(Crawled caption data)
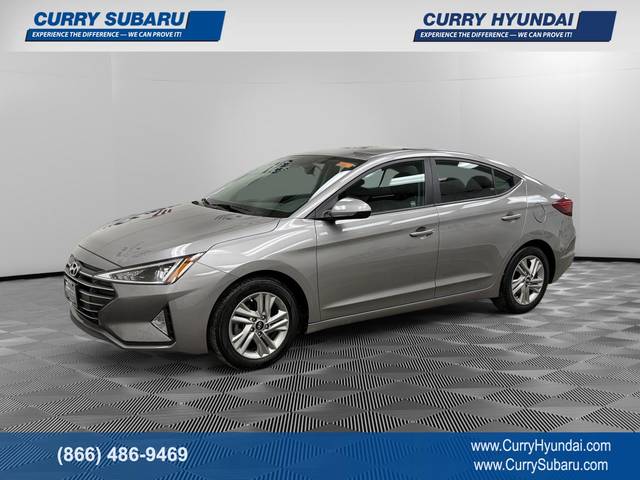 2020 Hyundai Elantra SEL FWD photo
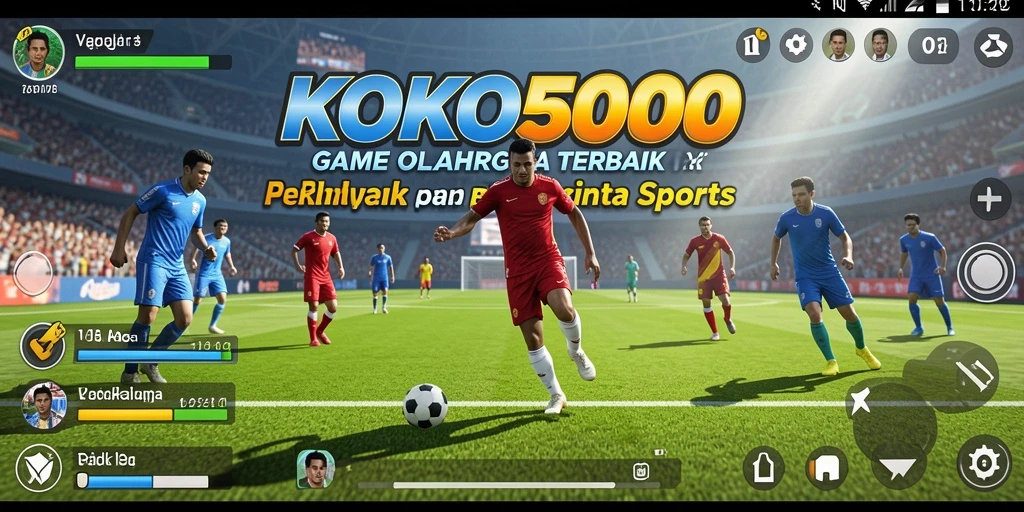 Tampilan gameplay KOKO5000 yang seru dan menegangkan.
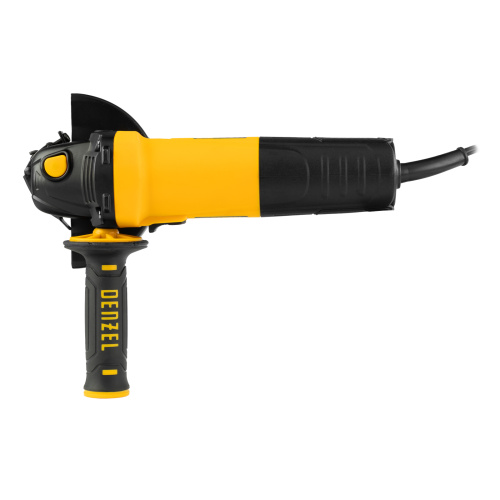 Машина шлифовальная угловая AG125-1100, 1100 Вт, 125 мм, 3000-11000 об/мин Denzel по ценам производителя в Воронеже с доставкой по всей России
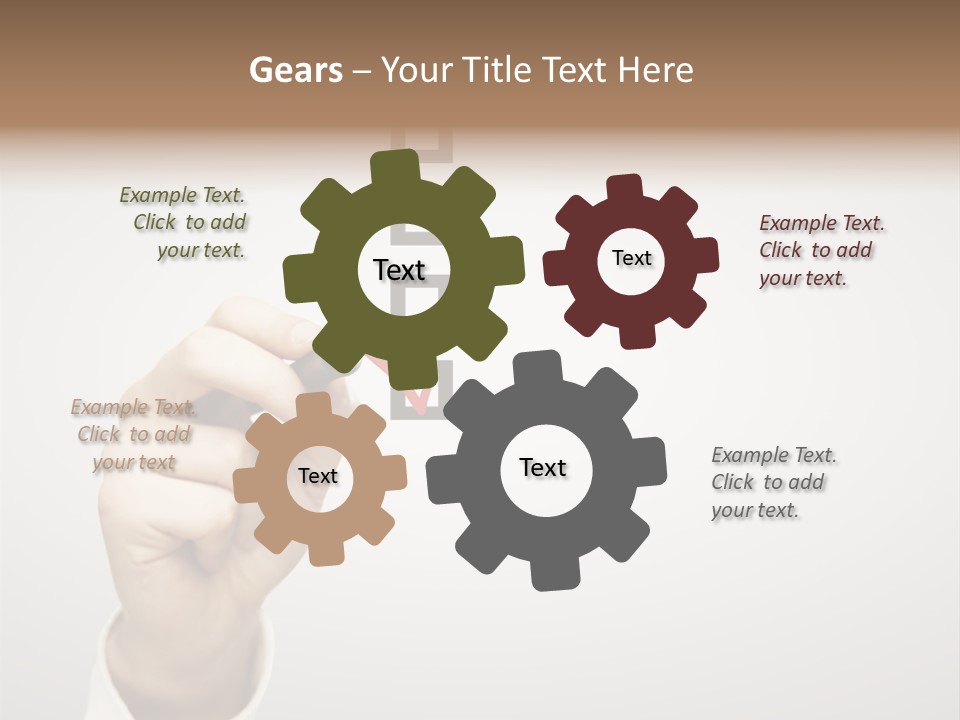 Idea Isolated Rating PowerPoint Template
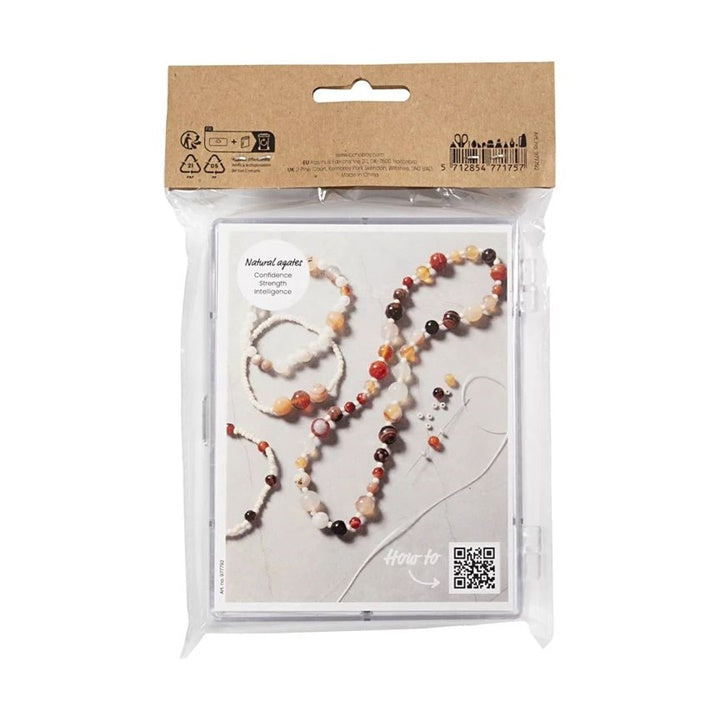 Set per la creazione di gioielli creativi - Mix Brown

### Work task:
Write out the records in full and exactly, omitting the pictures they hold.

### Answer:
 2020 Hyundai Elantra SEL FWD photo
 Tampilan gameplay KOKO5000 yang seru dan menegangkan.
 Машина шлифовальная угловая AG125-1100, 1100 Вт, 125 мм, 3000-11000 об/мин Denzel по ценам производителя в Воронеже с доставкой по всей России
 Idea Isolated Rating PowerPoint Template
 Set per la creazione di gioielli creativi - Mix Brown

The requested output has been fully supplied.